### Items from a data source
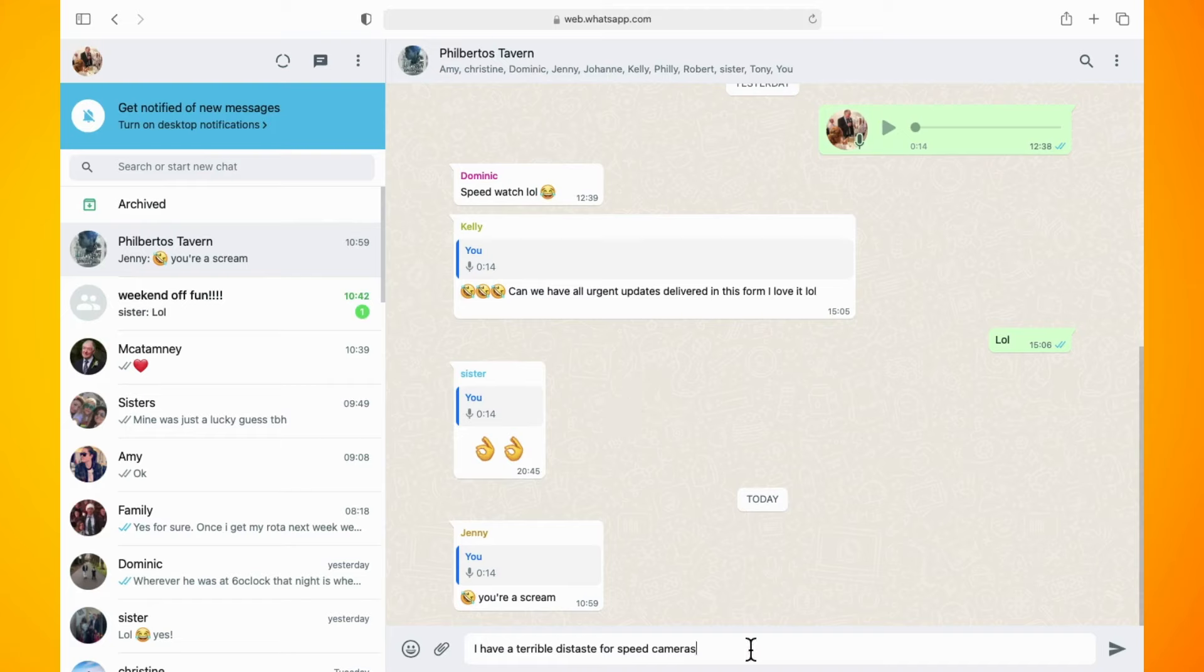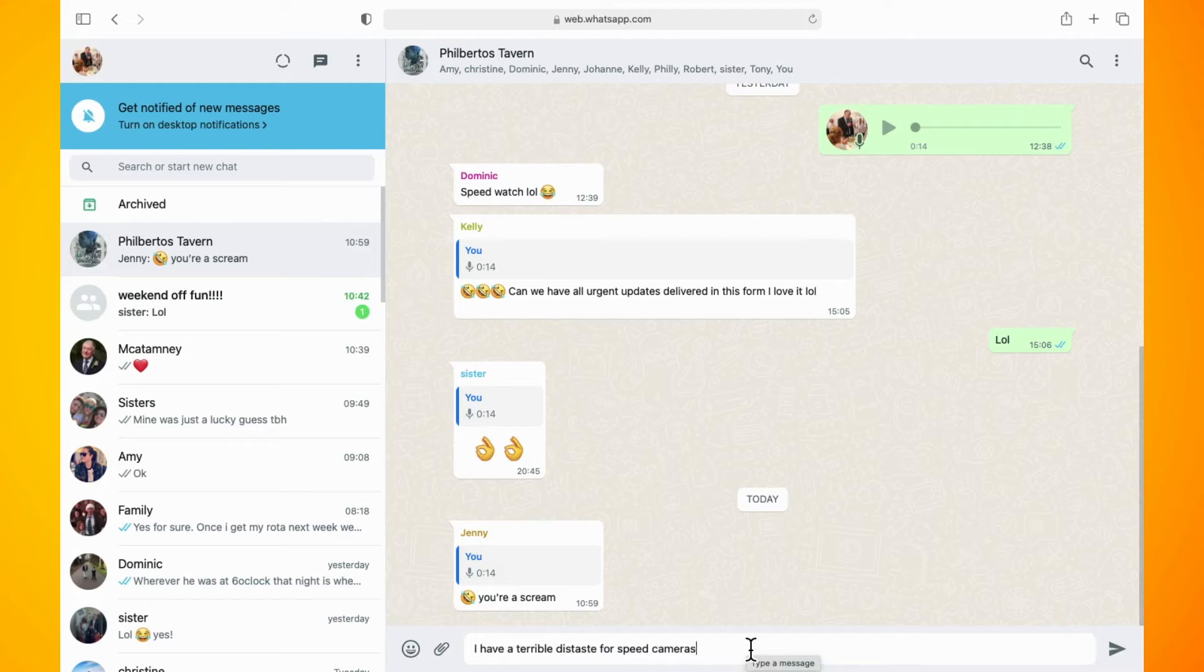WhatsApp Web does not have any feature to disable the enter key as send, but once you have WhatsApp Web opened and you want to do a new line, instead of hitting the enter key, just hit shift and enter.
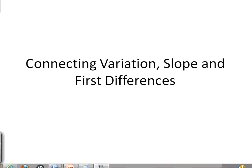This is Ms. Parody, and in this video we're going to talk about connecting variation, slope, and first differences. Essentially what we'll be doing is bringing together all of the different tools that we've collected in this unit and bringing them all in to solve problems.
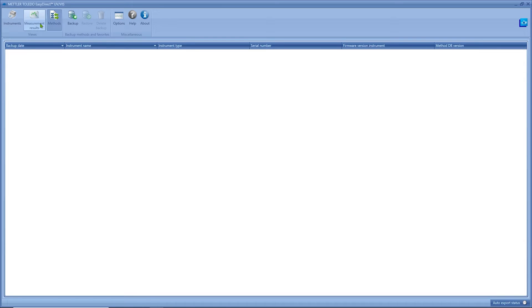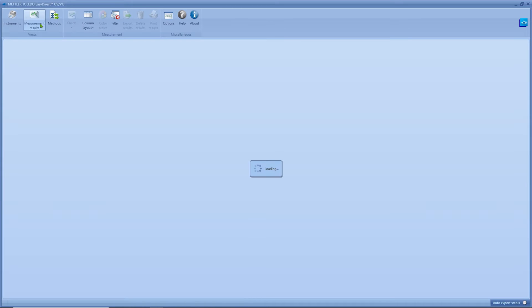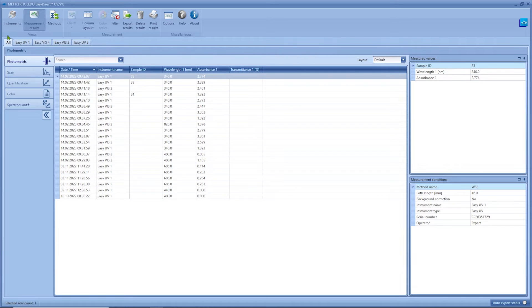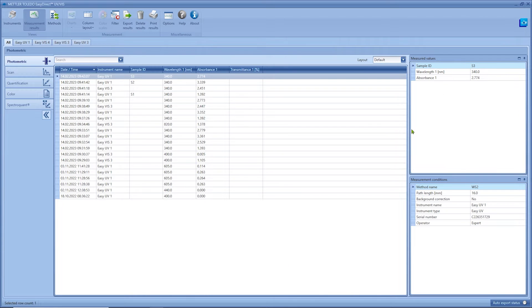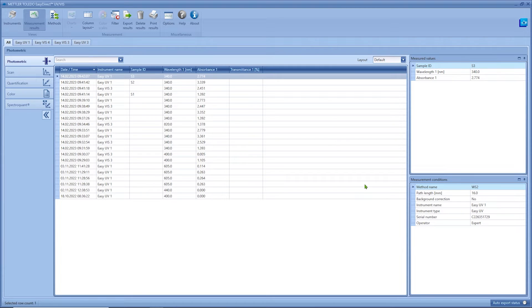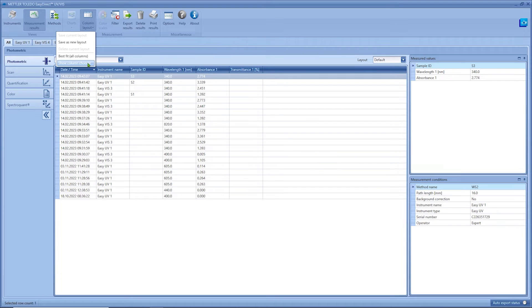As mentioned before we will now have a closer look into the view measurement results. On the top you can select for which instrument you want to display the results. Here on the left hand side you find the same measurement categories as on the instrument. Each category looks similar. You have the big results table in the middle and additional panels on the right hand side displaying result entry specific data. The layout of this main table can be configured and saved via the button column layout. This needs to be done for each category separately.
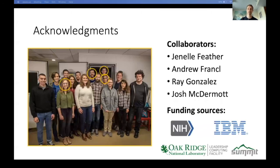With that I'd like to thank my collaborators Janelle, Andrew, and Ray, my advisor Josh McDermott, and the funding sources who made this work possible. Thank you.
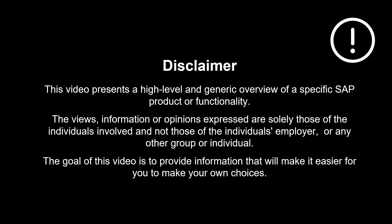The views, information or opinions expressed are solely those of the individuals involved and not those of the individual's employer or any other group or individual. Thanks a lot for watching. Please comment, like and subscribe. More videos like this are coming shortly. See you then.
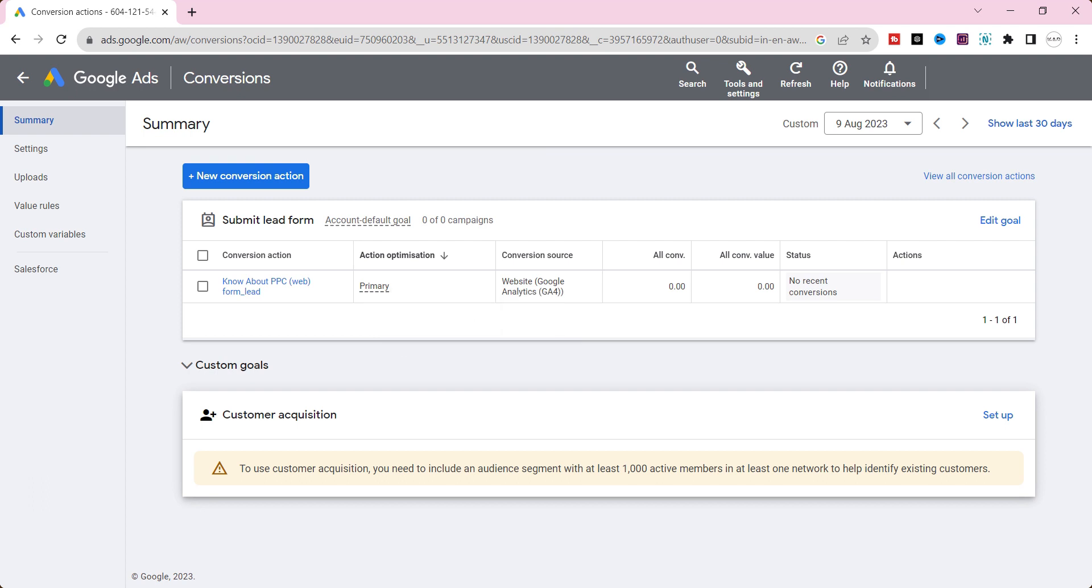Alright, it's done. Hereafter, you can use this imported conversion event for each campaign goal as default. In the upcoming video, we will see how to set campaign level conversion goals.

### Description of the task
Quote exactly, and nothing besides, the lines from the one with "The views, information" through the end of the records above; include both ends and omit the pictures.

### Output for this exercise
The views, information or opinions expressed are solely those of the individuals involved and not those of the individual's employer or any other group or individual. Thanks a lot for watching. Please comment, like and subscribe. More videos like this are coming shortly. See you then.
Alright, it's done. Hereafter, you can use this imported conversion event for each campaign goal as default. In the upcoming video, we will see how to set campaign level conversion goals.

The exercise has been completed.